Bugüne kadar tespit edilen en eski hareket
Harvard’dan Alec Brenner liderliğindeki araştırma ekibi, 3 milyar yıldan fazla yaştaki Avustralya kayalarında tektonik aktiviteye dair ip uçları aradı. Araştırmacılar buldukları sonucun Dünya evriminde gerçekleşen en eski hareket olduğu sonucuna vardı. Ayrıca antik Dünya yapısının bugün bilinen Dünya yapısına oldukça benzer olduğunun da bilim insanları tarafından altı çizilen bir diğer nokta olarak karşımıza çıktığını söylemeden geçmeyelim.

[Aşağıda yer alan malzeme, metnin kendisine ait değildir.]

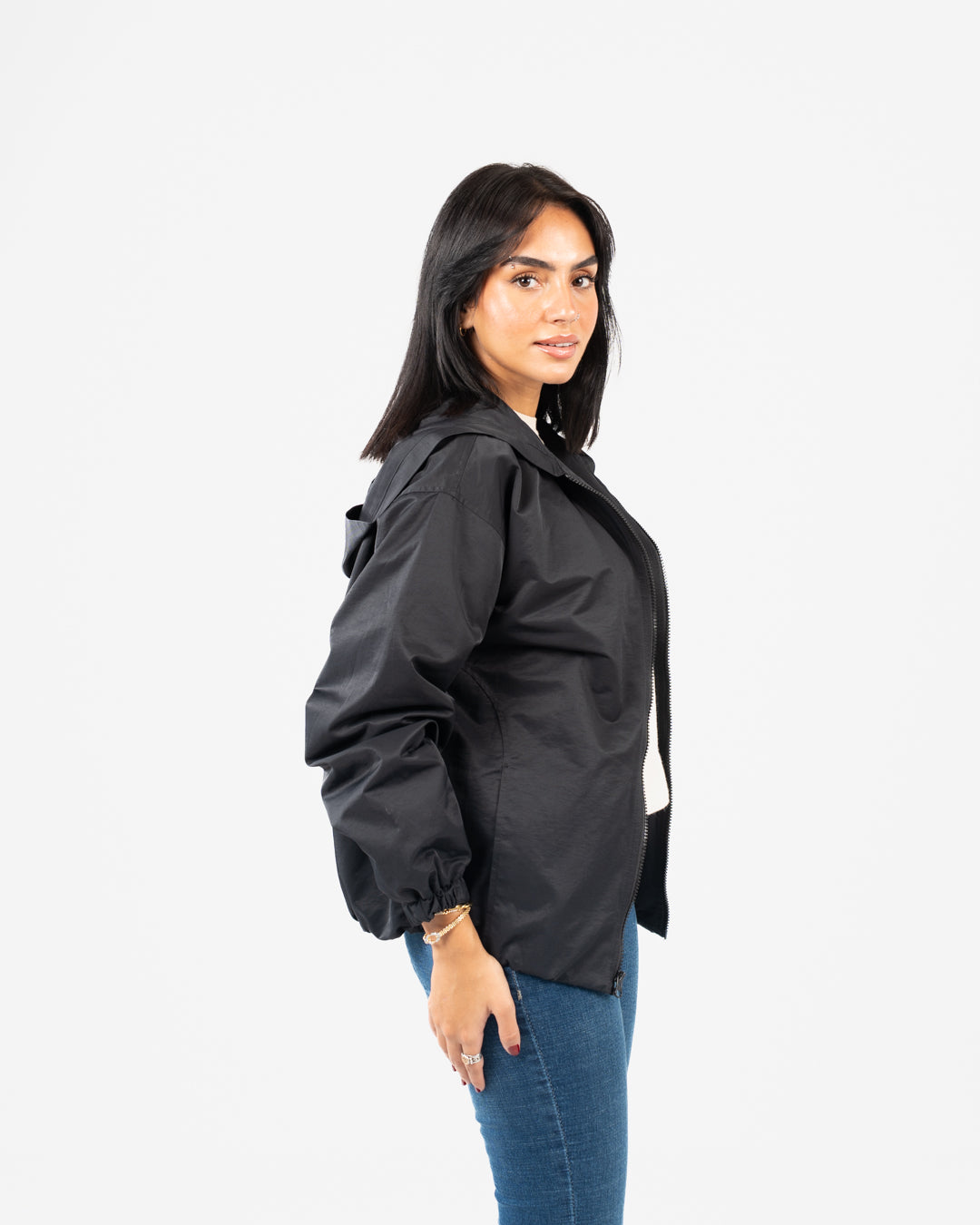 سترة نسائية مقاومة للماء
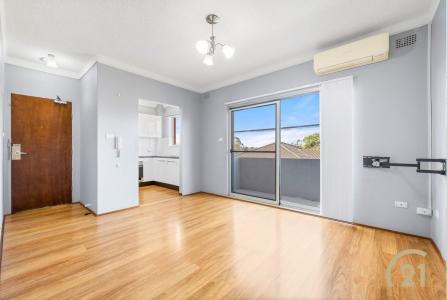 6/7 Lackey Street, Fairfield, NSW 2165, Australia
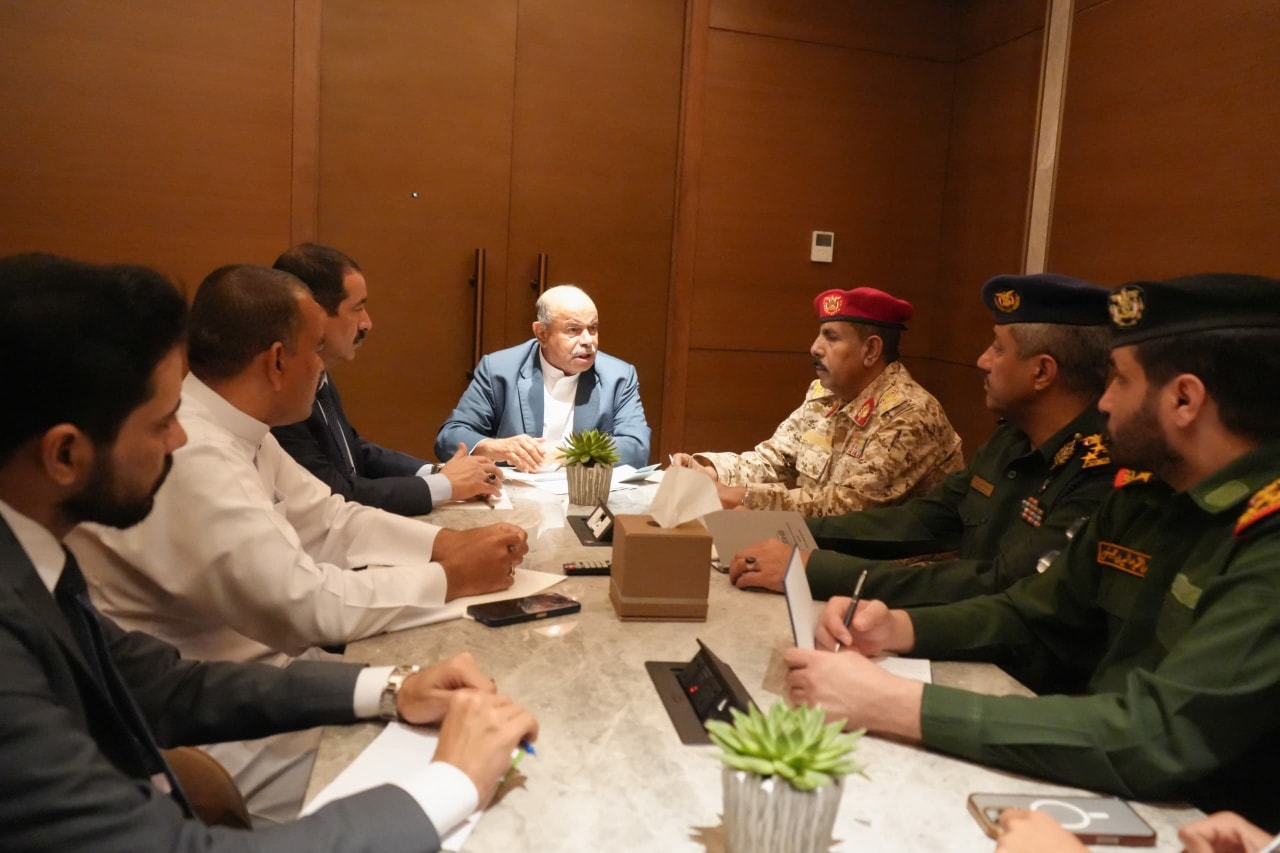 الخنبشي يؤكد على رفع مستوى التنسيق وتوحيد الجهود الأمنية والعسكرية بحضرموت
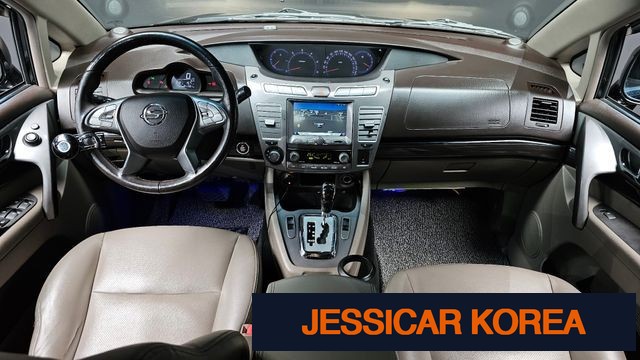 2016 KG Mobility Korando Turismo - Thumbnail 9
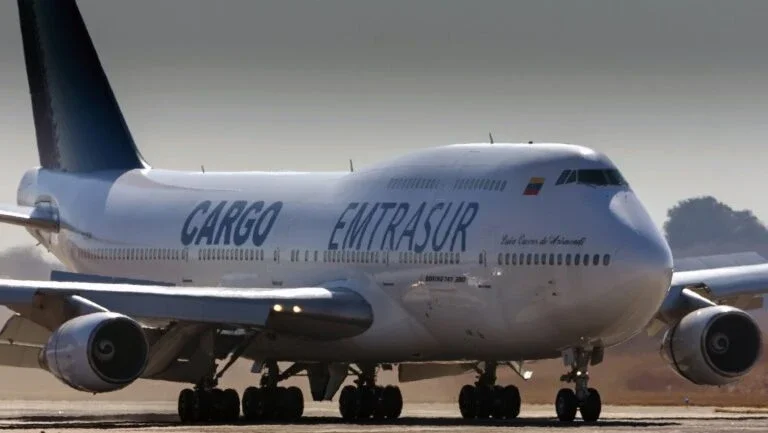 Venezuela exige que avião e tripulação retidos em Buenos Aires sejam liberados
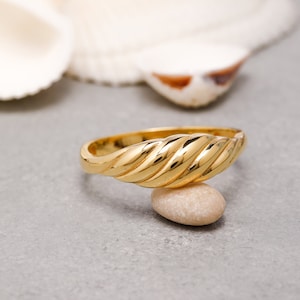14K Solid Gold Tiny Croissant Ring, 925 Sterling Silver Tiny Croissant Ring, Small Croissant Ring, Valentine's Day Gift, Christmas Gift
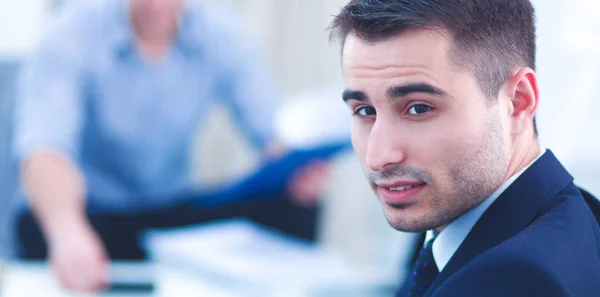 Zakenmensen zitten en discussiëren op zakelijke bijeenkomst, in functie — Stockfoto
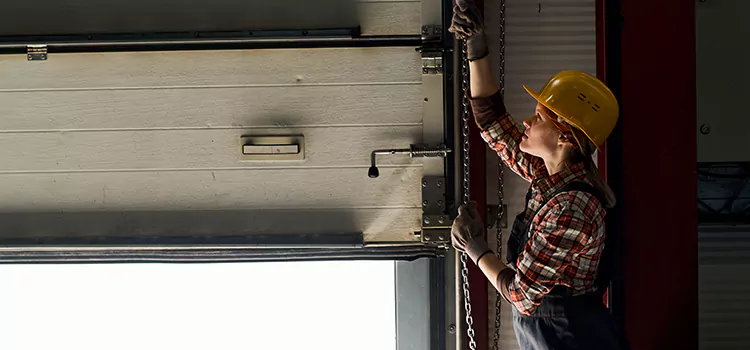 Addressing Common Garage Door Stoppage Issues in Lakewood, CO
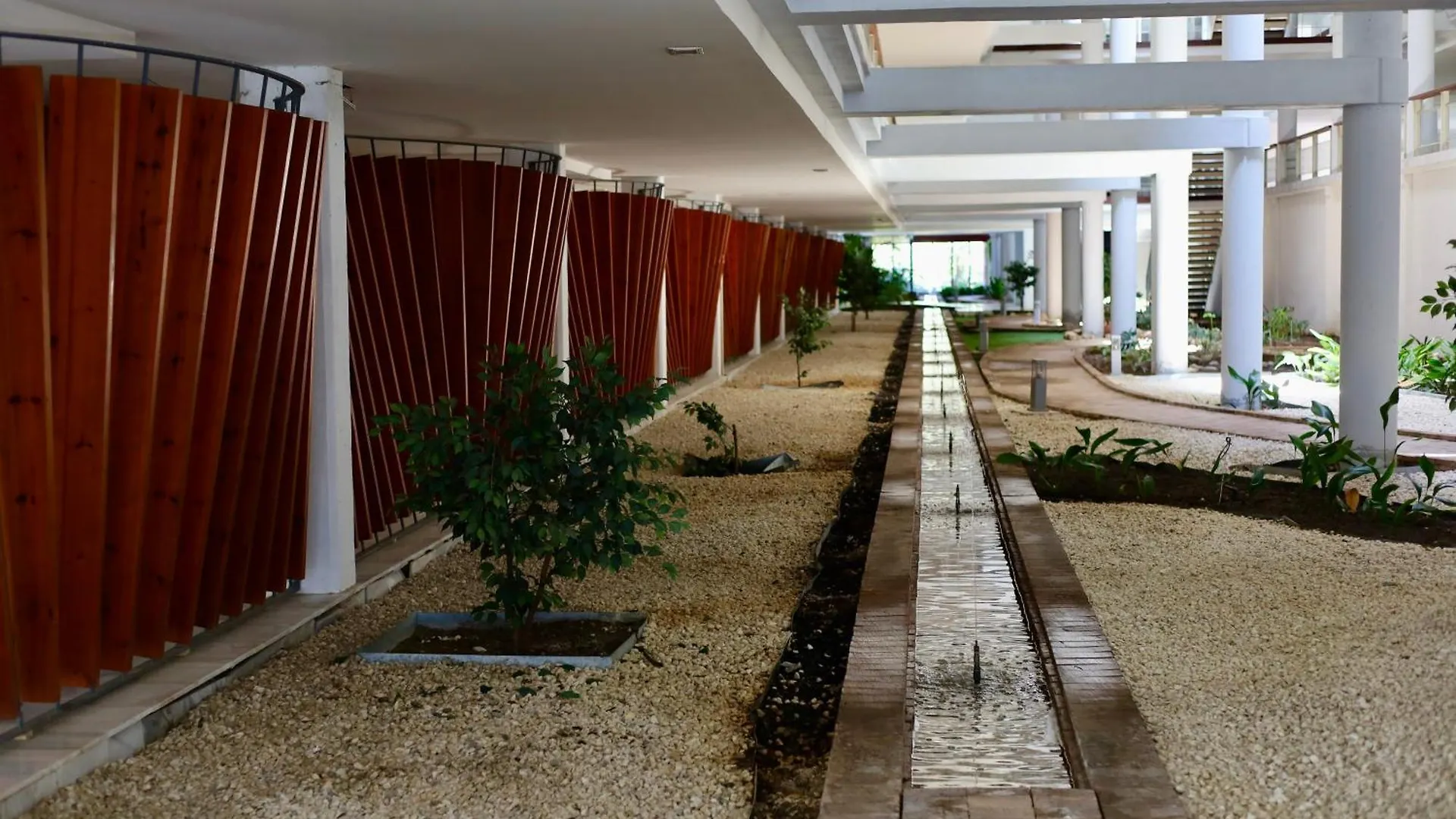 Rentitspain Apartamento Charming Gym, Jacuzzi Y Balcon 埃斯特波纳 公寓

Araştırmacıların çalışma boyunca Batı Avustralya’da bulunan Pilbara’daki kayaları incelediğini ve kıtasal litosferin en eski parçalarından bir tanesi olan bu kayaların Dünya’nın dış kabuğu olarak kabul edilip her birinin kendi kabuğuyla okyanus ve kıtanın karışımı olarak bilindiğini de ekleyelim.
Araştırmalar devam edecek
Brenner konuyla ilgili yaptığı açıklamada “Temel olarak bu durum, Dünya tarihinde levha tektoniklerinin kaydını daha da geriye götüren bir jeolojik kanıttır. Bulduğumuz kanıtlara dayanarak, levha tektoniğinin erken Dünya'da meydana gelme olasılığı çok daha yüksek ve günümüzde birçok insanın düşündüğünün aksine bugünküne çok daha benzer görünen bir Dünya için bir kanıt” sözlerini kullandı. İstikrarlı iklim koşullarının yaşam evrimi için çok önemli olduğunu vurgulayan Brenner, araştırmaların devam edeceğini de sözlerine ekledi.